Leaders of the U.S. Committee on Oversight and Government Reform are calling for a federal probe into whether former U.S. Chemical Safety Board (CSB) chairman Rafael Moure-Eraso made multiple false statements while testifying before an oversight committee, according to the Associated Press.
On Wednesday, the Committee on Oversight and Government Reform’s Republican chairman, Jason Chaffetz, along with Democrat Elijah Cummings, called for the investigation citing multiple examples of inconsistent testimony, including allegations that Moure-Eraso continued to use his personal email account for government business long after he told Congress he had stopped the practice, the AP reported.
“The committee relies on the truthful testimony of witnesses who appear at our hearings to conduct effective oversight,” states a letter signed by Chaffetz and Cummings, according to AP. “We are concerned by information and documents that suggest that Mr. Moure-Eraso’s testimony was not truthful.”
Moure-Eraso denies lying.
“I never knowingly presented to Congress, to the oversight committee, any false information,” he said.

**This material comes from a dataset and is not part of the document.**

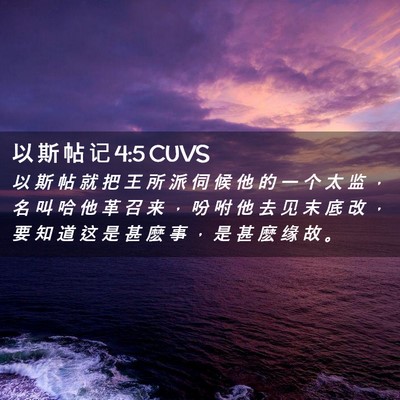 Picture 02 - 以 斯 帖 记 4:5 CUVS - 以 斯 帖 就 把 王 所 派 伺 候 他 的 - Bible Verse Picture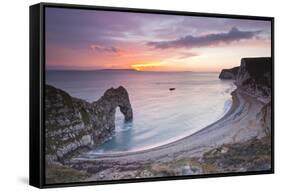 A Colourful Sunset over Durdle Door-Julian Elliott-Framed Stretched Canvas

Before resigning in March amid allegations of mismanagement and retaliation against whistleblowers, Moure-Eraso led the 40-person CSB in investigating industrial accidents and making safety recommendations. Under Moure-Eraso’s watch, however, the CSB itself came under scrutiny for wide-ranging problems. Much of the strife dates back to the agency’s response to the Chevron Richmond fire of 2012 as this San Francisco Chronicle article discusses.
An inspector general investigation into retaliation against whistleblowers by the CSB also found Moure-Eraso and two CSB colleagues had violated the Federal Records Act by using private email accounts to conduct government business, presumably to be secretive. The allegations forced the Obama administration to ask for Moure-Eraso’s resignation.